Mechanisms a2 organic

Question 1

Optical isomerism mechanism (nucleophillic addition) aldehydes to hydroxynitriles

Answer 1

acidified kcn and h+ or acidified hcn. so– :CN- arrow to the delta positive carbon under the c=o bond. then arrow from middle of c=o bond to the oxygen. that makes :o- then join your cn at the bottom, put an arrow to a h+ floating around and then you form a hydroxyalkanenitrile.

Question 2

carboxylic acids are weak acids, what do they disassociate to make

Answer 2

carboxylate ion and a h+. equilibrium lies to the left because it disassociates poorly.

Question 3

what do acyl chlorides react with

Answer 3

water, alcohol, ammonia and primary amines

Question 4

acyl chloride and water and observations

Answer 4

carboxylic acid +hcl. vigorous reaction, white misty fumes of hcl produced

Question 5

acyl chloride and ammonia

Answer 5

produce amides. again vigorous, white misty fumes of hcl produced

Question 6

acyl chloride and alcohol

Answer 6

esters, again hcl produced as well white misty fumes vig rec

Question 7

acyl chloride and primary amines

Answer 7

produce n- substituted amides. and hcl. the h is the one thats substitued from the n. so its n substitued because it donates the hydrogen.
nhch3 +hcl for example when you react ch3nh2 with an acyl chloride.

Question 8

what do acid anhydrides react with

Answer 8

the same as amines, water ammonia alcohol and primary amines. except these reactions are less vigorous and this is why acid anhydrides are used as opposed to acyl chlorides.

Question 9

acid anhydride and water

Answer 9

2 carboxylic acids

Question 10

acid anhydride and alcohol

Answer 10

ester and carboxylic acid

Question 11

acid anhydride and primary amine

Answer 11

n substituted amide and carboxylic acid

Question 12

the actual mechanism for reacting an acyl chloride with an alcohol. you know it already forms an ester and hcl from the simplified way. what mechanism is this

Answer 12

nucleophillic addition elimination
you have your acyl chloride and set out your alochol below it like this. R-O:: - –H on the other side and put it like a upside down L. (the o has 2 lone pairs o it)
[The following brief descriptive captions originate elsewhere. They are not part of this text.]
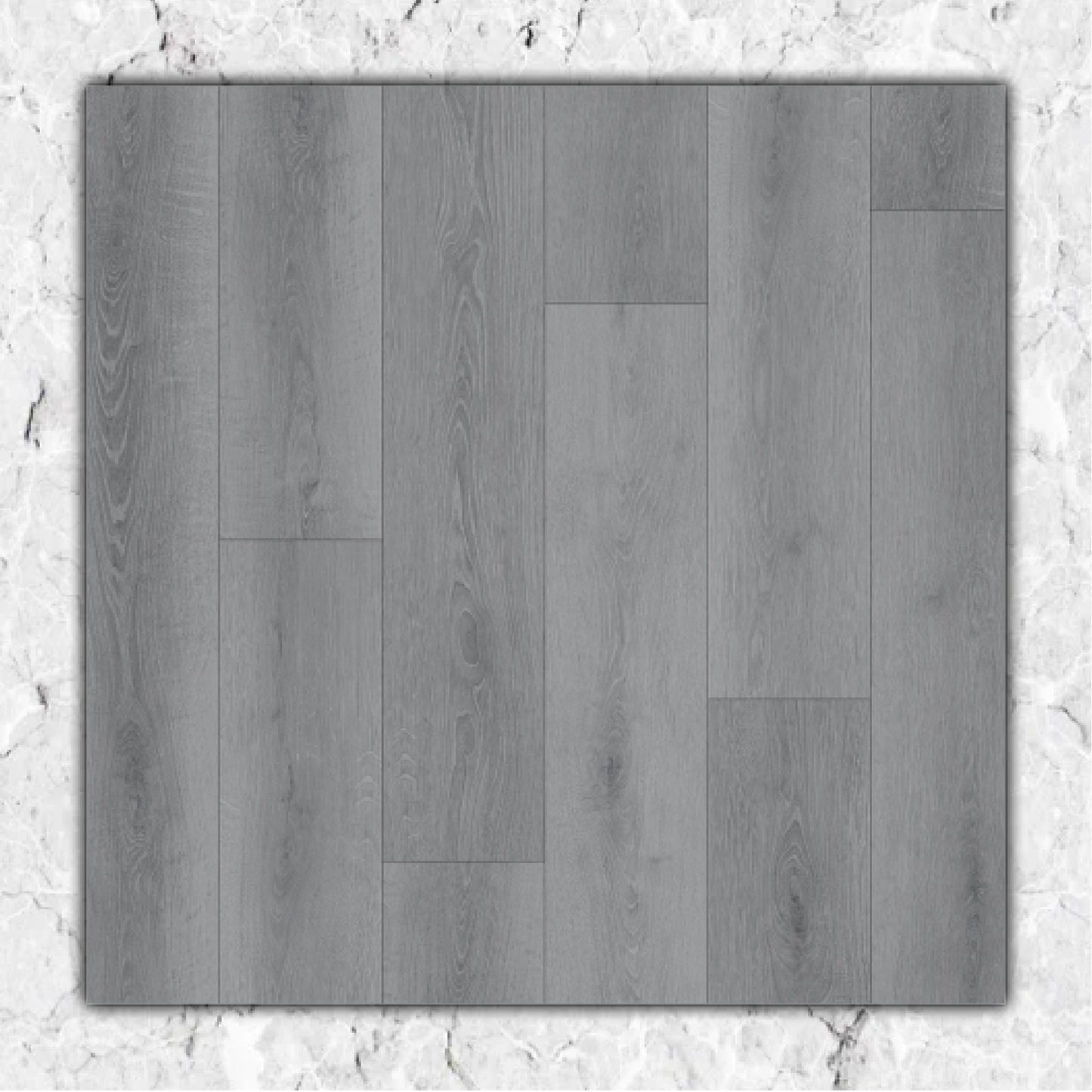 Hybrid Floor Ash Grey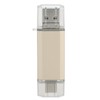 USB 3.0 U Disk Golden Aluminum Alloy ThreeInOne High Speed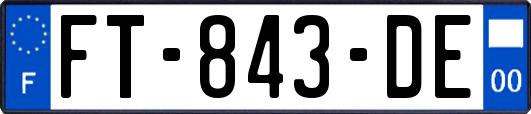 FT-843-DE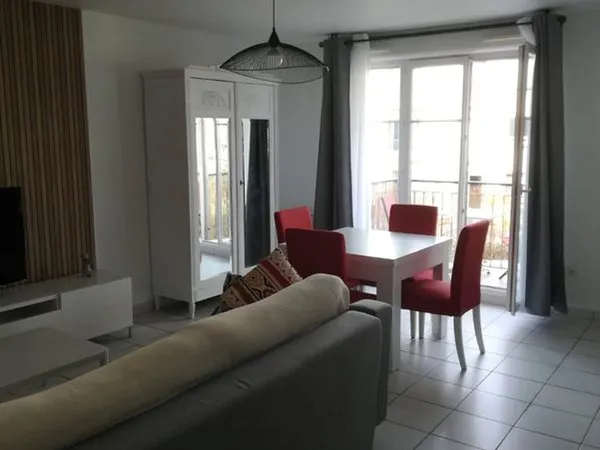 Appartement F2 44m2 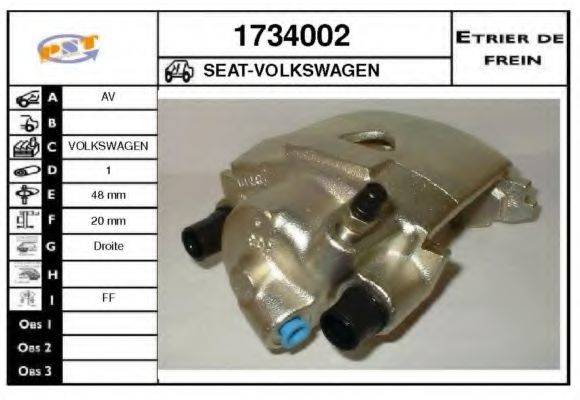 SNRA 1734002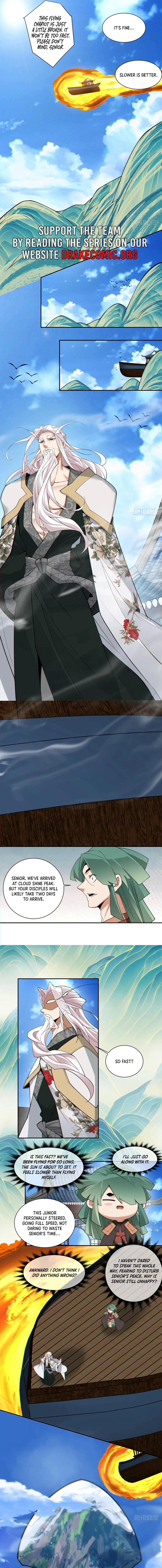 My Disciples Are All Big Villains Chapter 317 - page 3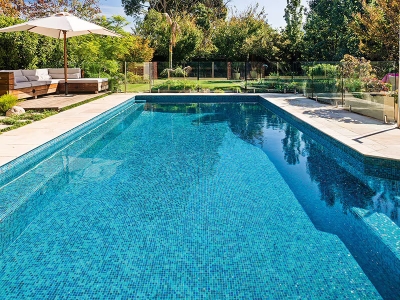 Gạch Mosaic Stark Cho Hồ Bơi – Lựa Chọn Hàng Đầu 2025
arrow from o to c. then from c=o bond from c to o.
then this forms intermediate w c-cl on top o:- on the right and at the bottom the alcohol joined but w o+-r-r

then arrow from the o:- to the c to reform double bond. then arrow from c to cl to eliminate cl:-

then you have your semi ester w alcohol attached. then cl:- attacks hydrogen on alcohol and then arrow from h to o+ this eliminates h as well forming hcl. thats it thats your ester.

Question 13

how is aspirin made

Answer 13

aspirin is an ester made by reacting ethanoic anhydride or ethanoic chloride with salicylic acid. makes aspirin and a carboxylic acid.

Question 14

why use ethanoic anhydride in industry vs ethanoic chloride

Answer 14

safer as less corrosive, does not react as vigorously with water, does not produce the toxic hcl gas, it is cheaper. re

Question 15

reactions of arenes what mechanism is it and why

Answer 15

they undergo electrophillic substitution reactions.
because, benzene has a high electron density as it has a delocalised ring of electrons, this is attractive to electrophiles.
Benzene is also stable so unlike traditional alkenes they do not undergo electrophillic addition reactions as this would disrupt the stable ring of electrons.
instead they undergo electrophillic substitution reactions where the hydrogen or a functional group are substituted for an electrophile

Question 16

the two mechanisms of arenes

Answer 16

friedel crafts acylation and nitration reactions

Question 17

fridel crafts acylation

in order to add onto the benzene what must the electrophile have

Answer 17

benzene is too stable and so is difficult to react, when an acyl group (RCO- ) is added onto a benzene it makes the structure weaker and more easier to modify to make useful products.
it must have a very strong positive charge, the acyl group isnt strong enough therefore we have to carry out a prep step

Question 18

our prep step

Answer 18

we can use a halogen carrier eg alcl3 which will produce a much stronger electrophile with a much stronger positive charge. so in fridel crafts acylation we have to react an acyl chloride with AlCl3 to form a strongly postive electrophile.
alcl3 accepts a pair of electrons away from the acyl group, this forms a positive carbocation r-c (+)=o and Alcl4- (this will be reformed bc it is your catalyst so alcl3 will be back)

Question 19

the actual mechanism

Answer 19

we react the electrophile with a benzene to make a less stable phenylketone under reflux and a dry ether solvent.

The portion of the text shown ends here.